Enrollment choices in different types of HMOs: a multivariate analysis.

Autor: Berki SE, Penchansky R, Fortus RS, Ashcraft ML
Jazyk: angličtina
Zdroj: Medical care [Med Care] 1978 Aug; Vol. 16 (8), pp. 682-97.
DOI: 10.1097/00005650-197808000-00005
Abstrakt: Enrollment decisions of a sample of an employed population choosing among open-panel and closed-panel HMOs and Blue Cross/Blue Shield are analyzed. This report, unlike previous ones, overcomes some of the difficulties of bivariate analysis by the use of the multivariate logistic probability model, logit. The results show that there are four consistent predictors of enrollment choice: previous source of care as the measure of access; family life stage and chronic conditions per family member as indicators of health risk; per capita income as the measure of economic vulnerability; and health concern.
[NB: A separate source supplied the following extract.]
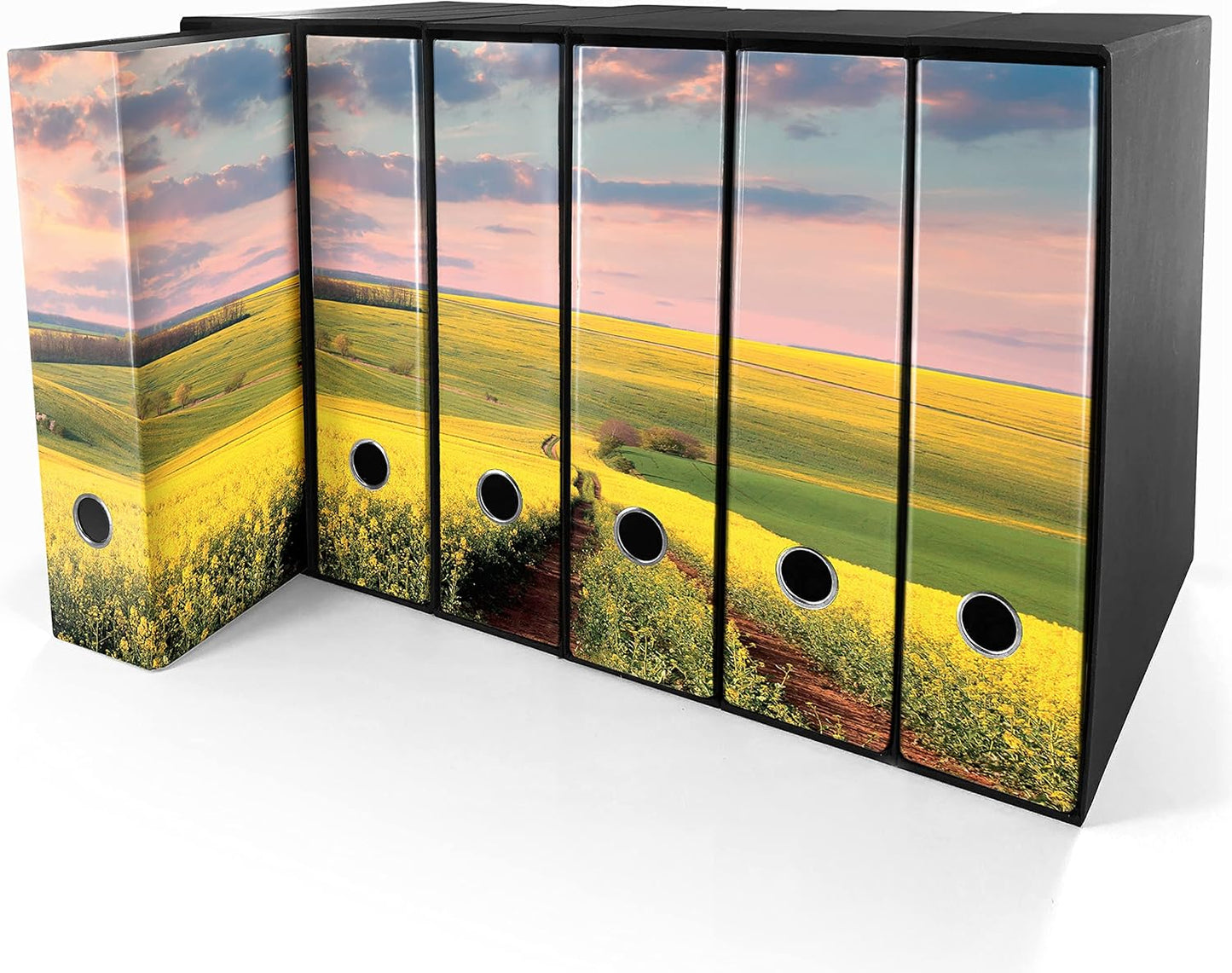 Set da 6 raccoglitori ad anelli - CAMPO FIORITO (H31 cm con 2 anelli)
Having a private physician as the source of care is the best single predictor, its absence predicting a higher probability of enrollment in the closed, and its presence in the open-panel HMO. Higher risk life stage families, younger and with more children, are more likely to join the open-panel plan than the closed or retain BC/BS; higher incomes and larger numbers of chronic conditions appear to have the same effects. Higher levels of health concern, on the other hand, predict a greater probability of choosing the closed-panel plan. The probability of enrollment in any HMO is predicted with more than 50 per cent accuracy for 60 per cent of the sample. Choice between open and closed-panel plans is predicted with an accuracy in excess of 50 per cent for 80 per cent, and with an accuracy greater than 90 per cent for over 10 per cent of potential enrollees. The applicability of this approach to HMO feasibility analysis and planning is clearly indicated.